→ **PROMPT**: Retype the data that follows exactly. No pictures belong in the copy.

DATA SECTION Start Marker

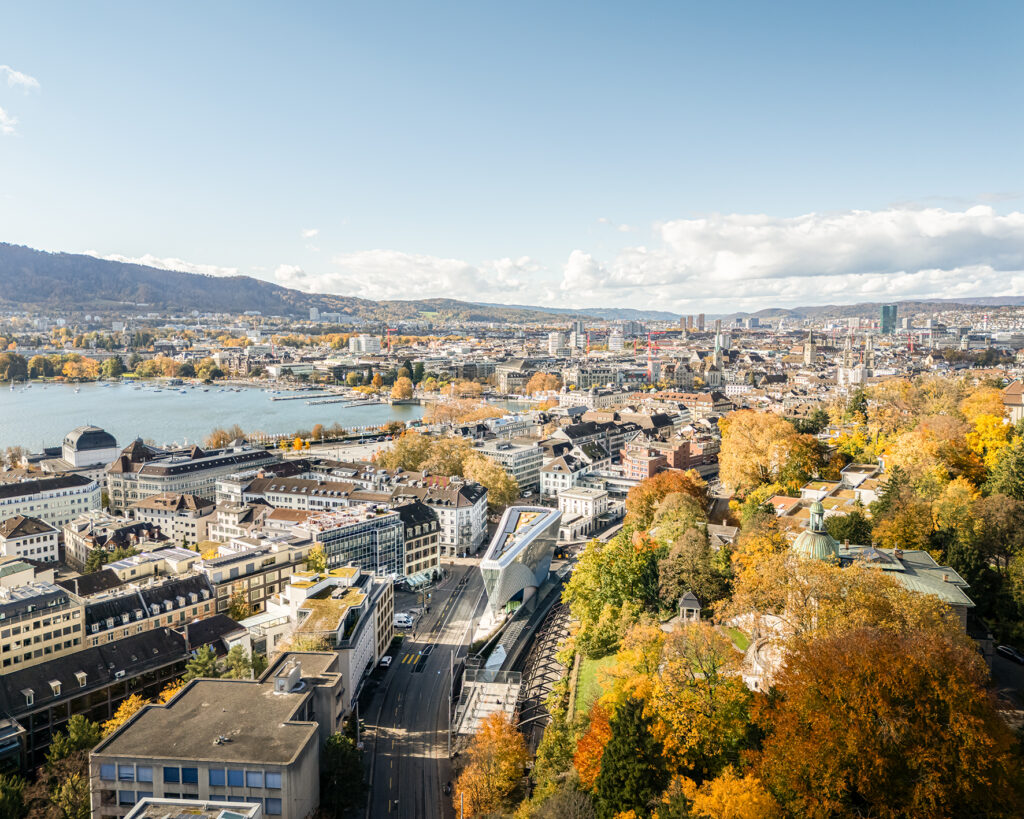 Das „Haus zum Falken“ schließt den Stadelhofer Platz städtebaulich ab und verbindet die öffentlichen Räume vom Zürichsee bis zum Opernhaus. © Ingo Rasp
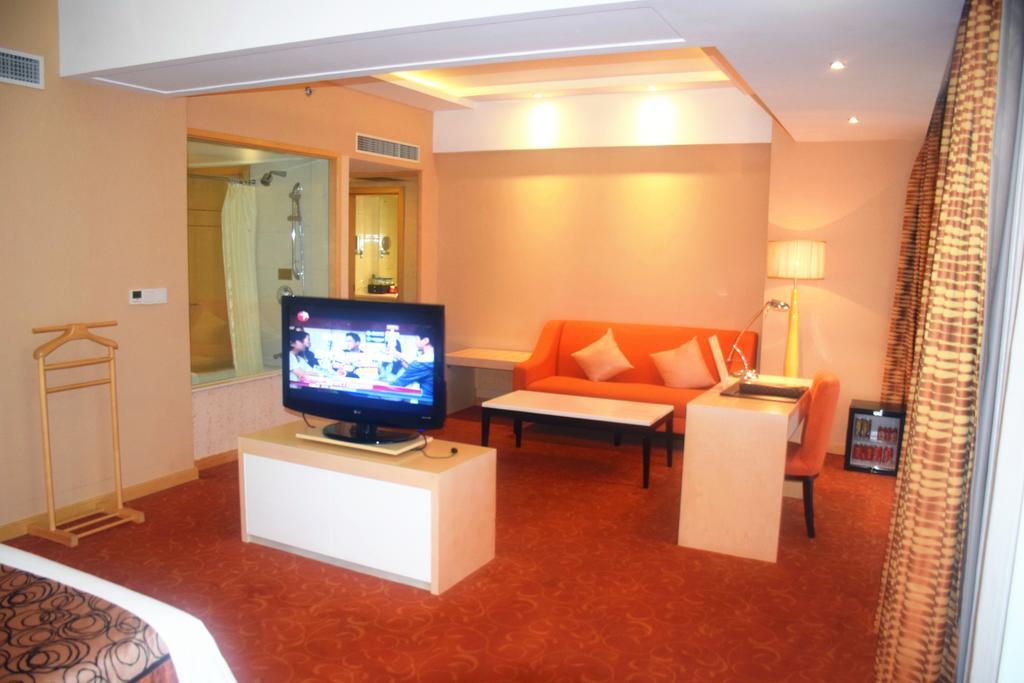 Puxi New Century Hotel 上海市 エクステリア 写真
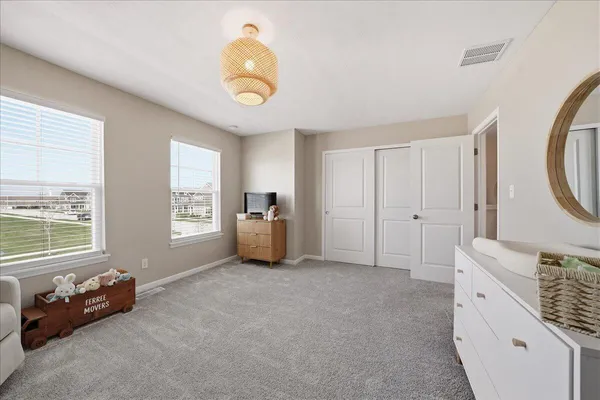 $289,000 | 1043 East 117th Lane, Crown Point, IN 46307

DATA SECTION End Marker

→ **SOLUTION FOR THIS PROBLEM**:
 Das „Haus zum Falken“ schließt den Stadelhofer Platz städtebaulich ab und verbindet die öffentlichen Räume vom Zürichsee bis zum Opernhaus. © Ingo Rasp
 Puxi New Century Hotel 上海市 エクステリア 写真
 $289,000 | 1043 East 117th Lane, Crown Point, IN 46307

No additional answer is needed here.